20 - Was James Moriarty the best CMO Ever?


“He is the Napoleon of crime, Watson. He is the organizer of half that is evil and of nearly all that is undetected in this great city, He is a genius, a philosopher, an abstract thinker. He has a brain of the first order. He sits motionless, like a spider in the center of its web, but that web has a thousand radiations, and he knows well every quiver of each of them..”

Now hold on…not for a minute am I suggesting that CMOs follow the nefarious actions of the fictitious master criminal but there are parallels between how Conan Doyle visualized Moriarty running his underground organization and the expectations stacked up against modern marketers. Before we get into that, Moriarty had an absolutely unique position in the annals of crime – he was -A criminal consultant much like Sherlock himself –the world’s first consulting detective. Like Holmes expounds Moriarty’s role–“He does little himself. He only plans.”

 Now to the common traits between the fictitious criminal master mind’s organization and a Modern marketing organization. Moriarty was an assignment based consultant – a Napoleon of crime.

1) He delivered the blue print for the “finalized approach” –(pun intended) to execute an assignment –end to end. –“.First he would content himself by using his machinery in order to find their victim. Then he would indicate how the matter might be treated. Finally, when he read in the reports of the failure of this agent, he would step in himself with a master touch. “ –The Valley of Fear - Think Customer Lifecycle.

2)He allocated, hand picked the right tools, people and skills to bring the assignment to closure.-“Ha! It came like that, did it?” said Holmes, thoughtfully. “Well, I've no doubt it was well stage-managed. There is a master hand here. It is no case of sawed-off shot-guns and clumsy six-shooters. You can tell an old master by the sweep of his brush. I can tell a Moriarty when I see one. .” –The Valley of Fear. 
 Think Mature Marketing Technology, Cross Channel and Personalization.

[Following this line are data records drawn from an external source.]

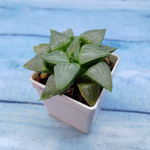 Haworthia Comptoniana Hybride hybrid (Хавортия)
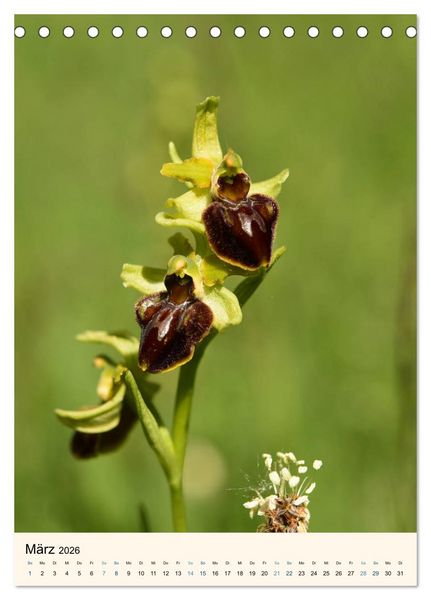 Produktbild: Einheimische Orchideen (Tischkalender 2026 DIN A5 hoch), CALVENDO Monatskalender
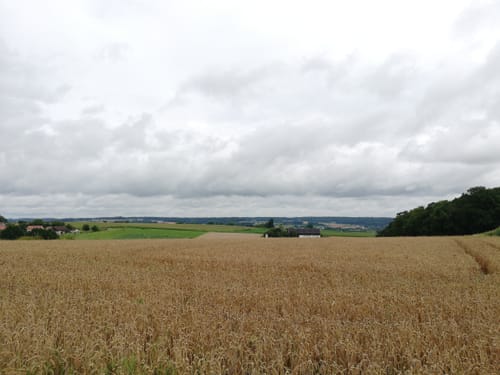 Arnstorfer Wanderroute 2 "Panoramaweg"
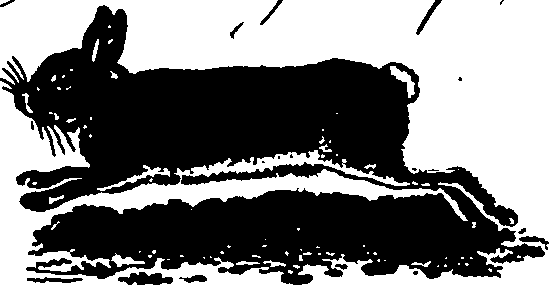 061/061930010205670_8.png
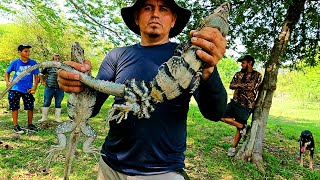 EL MEJOR GARROBERO DE EL SALVADOR ATRAPA UN GARROBO ENORME Y UNA IGUANA [upl. by Marybelle619]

3)He innovated constantly -“The old shikari’s nerves have not lost their steadiness nor his eyes their keenness. A soft revolver bullet, as you perceive, Watson. There’s genius in that, for who would expect to find such a thing fired from an air-gun.” Adventure of the Empty House. Think Send Time Optimization, Geo Fencing and Predictive marketing.

4)He always knew where and how to get to his target.-"You will get no worse than your deserts from      that, Mr. Douglas. But I would ask you how did this man know that you lived here, or how to get into your house, or where to hide to get you?” The Tragedy at BirlStone. Think Behavioural Targeting & Omni Channel.

5)Finally, a word about Mycroft Holmes “The conclusions of every department are passed to him, and   he is the central exchange, the clearinghouse, which makes out the balance. All other men are specialists, but his specialism is omniscience.” –The Adventure of the Bruce-Partington Plans. Think Integrating Brands and Business Strategy across Sales, Service and Operations.

In summary, the CMO is now a C-Suite operator who is responsible for corporate customer interactions across myriad functions and direct the ebb, flow, context and relevancy of those responses.